Les souffrances individuelles qu’entraînent avec elles de telles mesures sont assurément considérables. Mais ce, qui est plus grave, c’est l’atteinte qu’elles portent aux mœurs publiques, c’est l’influence qu’elles exercent sur le tempérament et sur l’avenir politique d’une nation. Sous ce rapport, les conséquences du système inauguré par, Jackson ont été incalculables. Il a accompli une véritable révolution et la pire de toutes.

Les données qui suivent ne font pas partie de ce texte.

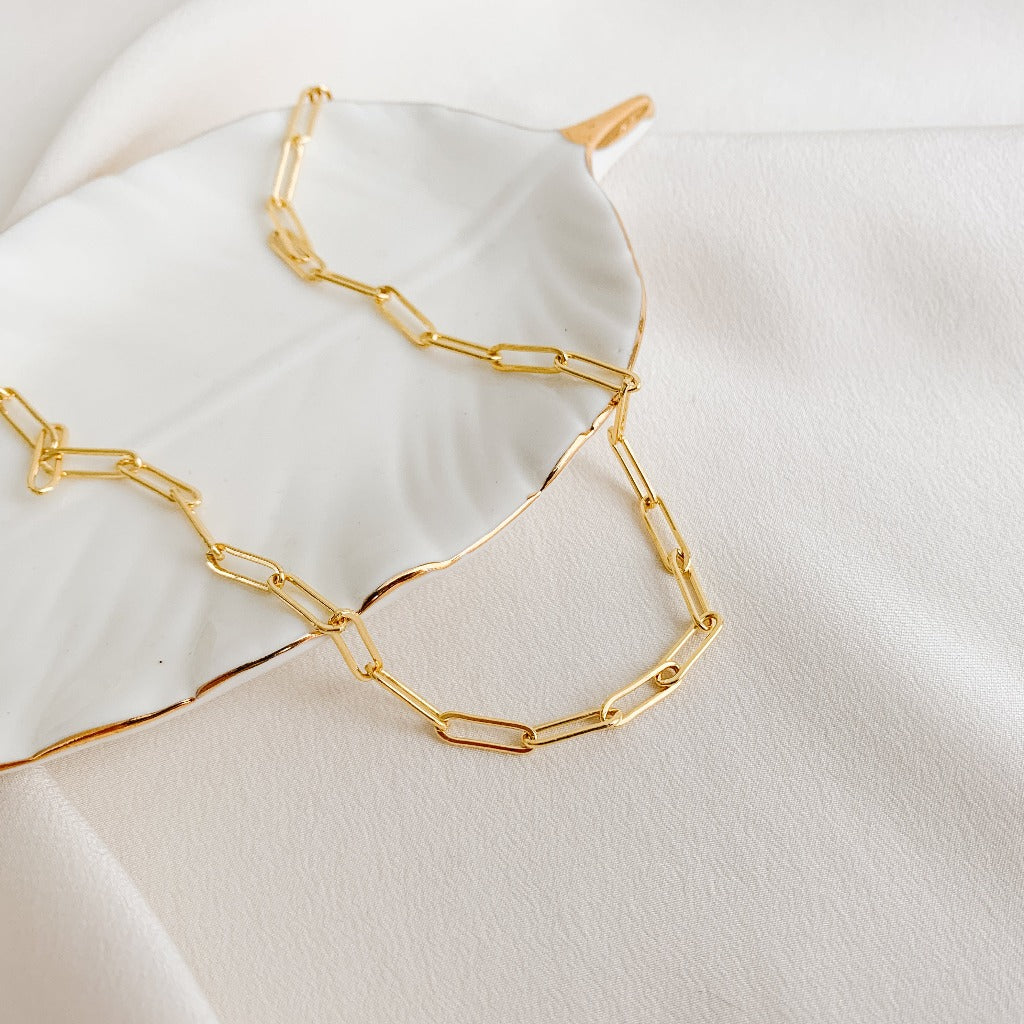 a bold paperclip chain necklace in 3.8mm links in 14k gold filled.
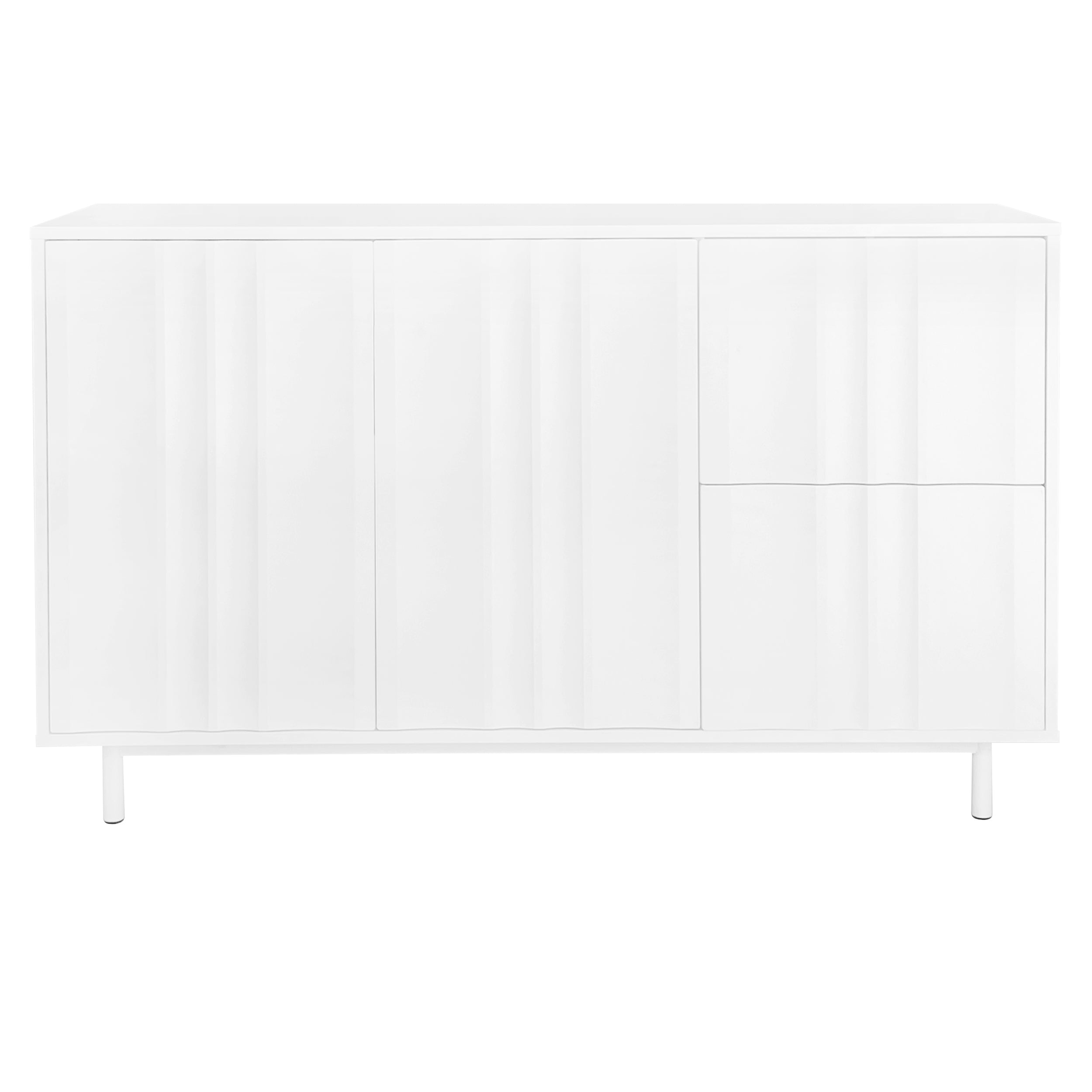 47.2' Buffet Sideboard Cabinet with 2 Doors And Drawers, Adjustable Shelf, Metal Legs Wave Pattern Kitchen Pantry Cabinets for Dining Room, Bedroom, Living Room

Avant lui, le gouvernement avait à son service l’élite du pays : à dater de sa présidence, les fonctions publiques, abandonnées par les hommes honnêtes et capables auxquels elles n’offrent ni sécurité, ni indépendance, sont devenues le partage exclusif d’une classe d’hommes sans moralité et sans lumières, qui font de la politique un métier et de l’industrie électorale un moyen de parvenir. Cet état de choses a produit les résultats qu’on en pouvait attendre : un déplorable abaissement du niveau intellectuel et moral du personnel administratif, une corruption contre laquelle tous les efforts, ont été impuissans[1], l’absence de responsabilité réelle des fonctionnaires à l’égard du gouvernement qu’ils servent, et, par une conséquence logique, leur dépendance absolue, à l’égard des politiciens locaux, dont ils sont les créatures. Le choix même du pouvoir exécutif est à peine libre : les sénateurs, les représentans, les membres des comités exercent la plus large part du patronage administratif, dictent les nominations et protègent les agens incapables ou tarés qu’ils ont imposés contre les justes sévérités de leurs chefs

  1. On lit dans un rapport d’un comité du congrès publié en 1868 : « Les voleurs, infestent chaque département, il n’y a pas de branche du service où on ne les trouve, et l’exemple est si contagieux que l’honnêteté devient l’exception. »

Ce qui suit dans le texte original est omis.